After jobs report, stocks fall on rate and recession fears

After jobs report, stocks fall on rate and recession fears

Good economic news is bad news for Wall Street, with stocks plunging on Friday due to concerns that the still-robust U.S. labor market makes a recession more likely.

The S&P 500 fell 1.8% in early trade on Friday after the government reported that firms recruited more people than expected last month.

Even while employment growth has slowed, the unemployment rate has fallen to a 50-year low, indicating that the labor market remains tight. Wall Street is afraid that the Federal Reserve may see this as evidence that the economy has not yet slowed sufficiently to bring inflation under control. This might pave the path for the central bank to continue raising interest rates, which, if done too quickly, could increase the likelihood of a recession.

According to Cornerstone Wealth’s chief investment officer, Cliff Hodge, the September employment report reaffirmed that the labor market remains tight and will put the Federal Reserve on track to continue aggressively tightening monetary policy. “We will continue to operate in an environment where good economic news is terrible market news.”

In morning trade, the Dow Jones Industrial Average slid 394 points, or 1.3%, to 29,532, while the Nasdaq composite fell 2%. The declines signaled a return to form for stocks, which have been sliding for the most of the year due to concerns about high inflation, rising interest rates, and the prospect of a recession.

Early in the week, Wall Street staged a strong but short-lived surge as some investors interpreted weaker-than-expected economic statistics as a sign that the Federal Reserve may ease off on rate hikes. However, Friday’s employment report may have dashed prospects for a “pivot” by the Fed, a trend that has occurred multiple times this year.

Chris Zaccarelli, chief investment officer of the Independent Advisor Alliance, stated, “Ultimately, the direction of the stock market is likely to be lower because either the economy and corporate profits will slow significantly or the Fed will have to raise rates even higher and keep them higher for a longer period of time.”

He emphasized that both trends will exert pressure on business profitability and stock prices.

Last month, employers added 263,000 positions.
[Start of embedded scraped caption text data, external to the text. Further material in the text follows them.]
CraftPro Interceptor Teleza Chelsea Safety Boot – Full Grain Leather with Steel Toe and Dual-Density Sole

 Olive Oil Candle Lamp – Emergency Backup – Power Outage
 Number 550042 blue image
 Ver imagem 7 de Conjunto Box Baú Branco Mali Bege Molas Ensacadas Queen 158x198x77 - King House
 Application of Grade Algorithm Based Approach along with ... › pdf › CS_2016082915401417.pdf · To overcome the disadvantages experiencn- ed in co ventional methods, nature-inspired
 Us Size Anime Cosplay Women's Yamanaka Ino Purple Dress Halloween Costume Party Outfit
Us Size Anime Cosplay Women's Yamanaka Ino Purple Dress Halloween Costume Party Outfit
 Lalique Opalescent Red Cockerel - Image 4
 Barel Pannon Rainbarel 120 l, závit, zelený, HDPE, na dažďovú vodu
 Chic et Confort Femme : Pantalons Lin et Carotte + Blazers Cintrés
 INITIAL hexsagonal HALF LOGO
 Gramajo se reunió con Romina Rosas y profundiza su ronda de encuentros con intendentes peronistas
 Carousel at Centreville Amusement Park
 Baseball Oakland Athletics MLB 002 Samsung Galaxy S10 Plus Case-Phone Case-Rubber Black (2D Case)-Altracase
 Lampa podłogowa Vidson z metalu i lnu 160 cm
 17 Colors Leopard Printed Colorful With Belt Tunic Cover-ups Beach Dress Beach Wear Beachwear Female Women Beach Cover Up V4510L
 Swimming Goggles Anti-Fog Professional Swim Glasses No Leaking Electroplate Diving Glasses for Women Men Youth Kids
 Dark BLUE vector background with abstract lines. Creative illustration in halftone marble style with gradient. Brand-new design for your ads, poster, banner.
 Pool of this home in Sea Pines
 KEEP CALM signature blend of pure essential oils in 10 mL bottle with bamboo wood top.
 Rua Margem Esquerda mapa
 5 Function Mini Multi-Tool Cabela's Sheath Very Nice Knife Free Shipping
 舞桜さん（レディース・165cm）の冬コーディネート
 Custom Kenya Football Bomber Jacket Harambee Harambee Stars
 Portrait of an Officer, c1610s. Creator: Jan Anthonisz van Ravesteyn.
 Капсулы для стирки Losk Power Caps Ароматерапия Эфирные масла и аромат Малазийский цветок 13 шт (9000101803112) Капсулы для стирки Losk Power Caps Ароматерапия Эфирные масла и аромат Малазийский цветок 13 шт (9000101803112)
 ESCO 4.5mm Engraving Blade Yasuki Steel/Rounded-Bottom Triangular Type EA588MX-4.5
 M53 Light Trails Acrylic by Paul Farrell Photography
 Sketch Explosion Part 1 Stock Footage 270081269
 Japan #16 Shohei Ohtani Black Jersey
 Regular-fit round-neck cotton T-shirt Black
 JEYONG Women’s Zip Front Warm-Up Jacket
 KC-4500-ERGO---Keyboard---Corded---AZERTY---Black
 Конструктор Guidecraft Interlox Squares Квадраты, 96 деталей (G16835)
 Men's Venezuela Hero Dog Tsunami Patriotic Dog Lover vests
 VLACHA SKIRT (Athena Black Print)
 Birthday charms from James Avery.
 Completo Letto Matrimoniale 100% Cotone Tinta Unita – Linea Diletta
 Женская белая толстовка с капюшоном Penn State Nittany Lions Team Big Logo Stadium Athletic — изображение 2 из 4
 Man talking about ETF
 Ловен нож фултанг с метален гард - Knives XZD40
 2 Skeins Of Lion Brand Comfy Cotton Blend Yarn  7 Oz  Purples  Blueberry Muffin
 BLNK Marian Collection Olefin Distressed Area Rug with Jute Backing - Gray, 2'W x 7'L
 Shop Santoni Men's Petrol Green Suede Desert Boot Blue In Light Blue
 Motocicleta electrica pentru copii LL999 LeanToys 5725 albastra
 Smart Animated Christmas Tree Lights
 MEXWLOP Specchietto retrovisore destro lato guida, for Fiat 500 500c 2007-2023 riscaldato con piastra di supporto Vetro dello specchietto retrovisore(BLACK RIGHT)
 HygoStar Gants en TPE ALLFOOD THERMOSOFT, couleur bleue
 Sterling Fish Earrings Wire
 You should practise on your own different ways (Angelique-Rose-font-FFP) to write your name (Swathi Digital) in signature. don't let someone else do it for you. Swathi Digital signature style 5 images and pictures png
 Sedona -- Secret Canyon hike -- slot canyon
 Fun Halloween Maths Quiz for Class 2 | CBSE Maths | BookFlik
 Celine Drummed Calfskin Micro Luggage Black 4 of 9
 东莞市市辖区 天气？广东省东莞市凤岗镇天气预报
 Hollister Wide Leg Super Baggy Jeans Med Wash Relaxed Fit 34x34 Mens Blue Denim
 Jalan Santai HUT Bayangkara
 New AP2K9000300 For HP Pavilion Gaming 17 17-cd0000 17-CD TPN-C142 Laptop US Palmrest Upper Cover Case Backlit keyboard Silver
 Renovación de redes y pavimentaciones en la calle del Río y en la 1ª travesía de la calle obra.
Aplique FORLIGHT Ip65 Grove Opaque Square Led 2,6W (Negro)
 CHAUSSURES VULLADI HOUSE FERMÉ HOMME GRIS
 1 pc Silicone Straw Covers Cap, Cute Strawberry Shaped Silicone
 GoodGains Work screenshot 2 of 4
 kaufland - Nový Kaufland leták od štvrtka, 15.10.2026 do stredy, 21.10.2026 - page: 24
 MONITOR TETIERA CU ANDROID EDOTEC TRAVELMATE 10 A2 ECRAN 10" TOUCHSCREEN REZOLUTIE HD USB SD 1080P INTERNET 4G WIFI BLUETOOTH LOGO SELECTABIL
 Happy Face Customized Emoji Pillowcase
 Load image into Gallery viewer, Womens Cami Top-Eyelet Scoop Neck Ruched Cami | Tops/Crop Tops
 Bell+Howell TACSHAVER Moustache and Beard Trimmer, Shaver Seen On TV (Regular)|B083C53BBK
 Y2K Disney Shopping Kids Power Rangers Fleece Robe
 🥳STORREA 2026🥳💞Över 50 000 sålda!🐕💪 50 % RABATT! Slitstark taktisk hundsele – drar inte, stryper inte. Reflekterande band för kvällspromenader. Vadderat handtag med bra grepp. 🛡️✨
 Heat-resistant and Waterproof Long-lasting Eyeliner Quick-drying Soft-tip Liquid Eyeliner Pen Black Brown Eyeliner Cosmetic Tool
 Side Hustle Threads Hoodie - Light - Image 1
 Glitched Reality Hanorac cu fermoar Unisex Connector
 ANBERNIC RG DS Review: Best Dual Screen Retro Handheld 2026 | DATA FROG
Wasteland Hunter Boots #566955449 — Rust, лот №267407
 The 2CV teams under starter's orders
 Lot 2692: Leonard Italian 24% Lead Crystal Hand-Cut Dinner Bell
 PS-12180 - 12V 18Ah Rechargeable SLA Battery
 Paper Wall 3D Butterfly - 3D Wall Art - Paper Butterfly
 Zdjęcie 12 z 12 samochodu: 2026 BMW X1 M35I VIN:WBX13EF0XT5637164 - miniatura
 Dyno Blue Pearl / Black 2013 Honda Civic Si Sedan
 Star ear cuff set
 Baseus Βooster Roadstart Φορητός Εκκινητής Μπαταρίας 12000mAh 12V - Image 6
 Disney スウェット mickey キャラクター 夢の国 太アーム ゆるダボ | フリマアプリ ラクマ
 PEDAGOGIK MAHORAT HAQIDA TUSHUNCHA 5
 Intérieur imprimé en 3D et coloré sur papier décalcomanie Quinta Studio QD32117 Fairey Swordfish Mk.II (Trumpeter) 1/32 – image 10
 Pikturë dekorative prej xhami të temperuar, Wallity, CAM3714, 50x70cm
This is a decrease from the 315,000 jobs added in July, but it is still greater than the 250,000 jobs predicted by economists.

Compression of salaries

For investors, it was also depressing that the jobless rate improved for the wrong reasons. Fewer unemployed individuals than normal are actively seeking employment. This is a continuation of a long-term pattern that might keep wages and inflation rising.

Where wages go has a significant impact on the Federal Reserve, which seeks to avoid a cycle in which higher worker wages cause corporations to increase product prices, which in turn increases inflation and increases workers’ demands for higher wages.

The employment report released on Friday revealed that the average monthly wage for workers grew 5% from a year ago. This is a decrease from August’s growth rate of 5.2%, but it is still possibly high enough to cause the Fed anxiety.

Matt Peron, director of research at Janus Henderson Investors, stated, “We are not yet out of the woods, but we should be getting closer as the effects of strong policy take root.”

Overall, many investors believe the employment report will keep the Federal Reserve on track to raise its main overnight interest rate by 0.75 percentage points next month. It would be the fourth such rise, which is three times the typical amount, and it would push the rate to a range of 3.75 to 4% after beginning the year at almost zero.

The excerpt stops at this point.